Notre pays accorde en outre une grande importance à une formation solide, ce qui est étayé par une structure modulable et très décentralisée des institutions de formation ainsi que par la particularité très «Europe centrale» de la formation professionnelle duale. Le maintien d’un haut niveau général de formation de la population et la présence d’une structure de formation qui, en raison de son caractère décentralisé, réagit très rapidement et avec une grande souplesse à l’évolution des besoins, font évidemment partie des aspects que la Suisse règle mieux que d’autres pays.

Selon vous, que faut-il faire pour qu’à l’avenir, les entreprises soient plus nombreuses à décider d’implanter en Suisse leurs activités de R&D?

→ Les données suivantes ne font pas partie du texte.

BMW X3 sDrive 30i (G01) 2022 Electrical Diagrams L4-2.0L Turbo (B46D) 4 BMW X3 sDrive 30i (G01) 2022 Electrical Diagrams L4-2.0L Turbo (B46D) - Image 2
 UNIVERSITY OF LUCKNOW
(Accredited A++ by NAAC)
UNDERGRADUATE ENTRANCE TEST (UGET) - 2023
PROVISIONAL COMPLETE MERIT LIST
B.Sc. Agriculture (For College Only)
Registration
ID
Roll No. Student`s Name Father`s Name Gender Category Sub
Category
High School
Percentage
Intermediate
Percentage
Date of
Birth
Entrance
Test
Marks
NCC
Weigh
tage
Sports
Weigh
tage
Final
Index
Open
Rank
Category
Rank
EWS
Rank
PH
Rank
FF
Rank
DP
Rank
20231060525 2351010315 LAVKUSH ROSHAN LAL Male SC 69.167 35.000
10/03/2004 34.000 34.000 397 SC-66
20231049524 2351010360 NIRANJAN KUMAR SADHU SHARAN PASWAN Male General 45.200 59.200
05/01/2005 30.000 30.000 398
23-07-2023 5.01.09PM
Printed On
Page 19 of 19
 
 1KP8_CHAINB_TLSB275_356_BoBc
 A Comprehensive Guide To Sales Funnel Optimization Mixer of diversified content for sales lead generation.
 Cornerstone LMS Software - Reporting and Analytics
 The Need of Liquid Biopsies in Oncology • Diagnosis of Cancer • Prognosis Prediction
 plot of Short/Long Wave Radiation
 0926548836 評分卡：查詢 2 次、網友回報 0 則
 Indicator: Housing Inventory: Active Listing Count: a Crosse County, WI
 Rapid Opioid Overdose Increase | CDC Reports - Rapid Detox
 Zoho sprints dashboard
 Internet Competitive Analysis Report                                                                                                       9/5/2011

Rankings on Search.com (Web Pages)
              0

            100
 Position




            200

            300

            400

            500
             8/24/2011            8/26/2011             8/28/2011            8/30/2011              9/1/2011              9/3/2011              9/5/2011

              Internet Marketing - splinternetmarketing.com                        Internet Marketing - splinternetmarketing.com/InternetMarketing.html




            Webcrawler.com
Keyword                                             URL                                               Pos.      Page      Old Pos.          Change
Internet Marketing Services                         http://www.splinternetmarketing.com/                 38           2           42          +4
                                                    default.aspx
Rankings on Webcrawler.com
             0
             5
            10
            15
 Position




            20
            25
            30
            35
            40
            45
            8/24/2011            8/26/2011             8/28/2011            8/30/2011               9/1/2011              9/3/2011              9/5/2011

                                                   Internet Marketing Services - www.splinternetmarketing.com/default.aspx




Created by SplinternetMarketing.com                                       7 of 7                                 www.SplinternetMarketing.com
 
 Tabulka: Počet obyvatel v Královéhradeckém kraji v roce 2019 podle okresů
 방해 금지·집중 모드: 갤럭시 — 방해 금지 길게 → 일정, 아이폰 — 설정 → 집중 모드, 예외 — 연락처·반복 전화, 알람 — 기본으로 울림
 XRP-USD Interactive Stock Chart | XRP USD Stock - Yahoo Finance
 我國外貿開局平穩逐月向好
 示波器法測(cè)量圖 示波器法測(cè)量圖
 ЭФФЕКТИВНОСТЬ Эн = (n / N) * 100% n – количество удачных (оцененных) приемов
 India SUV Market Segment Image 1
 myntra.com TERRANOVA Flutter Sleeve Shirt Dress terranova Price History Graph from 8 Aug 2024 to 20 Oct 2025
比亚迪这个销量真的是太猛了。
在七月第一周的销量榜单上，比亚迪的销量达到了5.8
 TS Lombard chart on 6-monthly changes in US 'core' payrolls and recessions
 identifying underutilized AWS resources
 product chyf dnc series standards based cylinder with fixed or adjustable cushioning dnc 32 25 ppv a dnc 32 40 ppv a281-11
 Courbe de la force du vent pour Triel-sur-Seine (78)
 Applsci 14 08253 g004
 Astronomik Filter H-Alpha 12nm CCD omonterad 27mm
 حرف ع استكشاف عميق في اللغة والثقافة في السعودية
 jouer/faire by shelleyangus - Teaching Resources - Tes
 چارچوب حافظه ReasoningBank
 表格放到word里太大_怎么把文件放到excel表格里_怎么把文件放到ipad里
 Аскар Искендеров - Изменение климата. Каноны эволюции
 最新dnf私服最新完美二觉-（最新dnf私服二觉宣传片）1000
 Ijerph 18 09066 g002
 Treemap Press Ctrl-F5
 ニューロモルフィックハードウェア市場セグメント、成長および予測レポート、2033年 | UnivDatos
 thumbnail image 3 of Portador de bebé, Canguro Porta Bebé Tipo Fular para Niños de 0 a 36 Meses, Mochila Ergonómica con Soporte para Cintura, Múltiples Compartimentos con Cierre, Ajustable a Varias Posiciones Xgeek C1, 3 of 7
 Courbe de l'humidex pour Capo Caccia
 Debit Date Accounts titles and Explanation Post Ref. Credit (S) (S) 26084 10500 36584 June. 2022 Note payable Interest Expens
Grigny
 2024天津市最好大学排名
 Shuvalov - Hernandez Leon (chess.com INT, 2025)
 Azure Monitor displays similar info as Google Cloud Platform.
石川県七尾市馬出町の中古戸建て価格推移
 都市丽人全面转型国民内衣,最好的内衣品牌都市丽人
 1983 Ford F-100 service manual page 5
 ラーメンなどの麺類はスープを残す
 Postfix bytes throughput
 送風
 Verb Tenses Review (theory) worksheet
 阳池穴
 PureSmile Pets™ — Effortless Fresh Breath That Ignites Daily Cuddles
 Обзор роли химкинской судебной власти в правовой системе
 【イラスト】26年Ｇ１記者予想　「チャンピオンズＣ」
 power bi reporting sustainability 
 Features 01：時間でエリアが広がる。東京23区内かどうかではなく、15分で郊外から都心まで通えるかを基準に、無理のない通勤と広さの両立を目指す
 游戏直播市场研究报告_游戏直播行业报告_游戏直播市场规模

Pas d’activisme, ça c’est sûr, car ce ne sont pas des mesures à court terme ou se voulant accrocheuses qui feront pencher la balance du bon côté. Comme pour tant d’autres choses, la continuité, la persévérance et surtout la crédibilité sont les ingrédients indispensables à un succès durable. Les annonces et les promesses concernant les conditions-cadres devront également être réellement respectées et tenues dans la durée. En conséquence de quoi il faut chaque jour continuer d’œuvrer afin de conserver et de développer les conditions permettant aux entreprises et aux pionniers d’innover en Suisse. En dehors des conditions-cadres spécifiques au domaine de la R&D déjà exposées, il est essentiel de se pencher aussi sur les facteurs d’implantation classiques: un environnement fiscal approprié, un cadre juridique fiable et stable, un ordre économique décentralisé et soumis à la concurrence, un marché du travail libéral ainsi que des institutions politiques qui fonctionnent.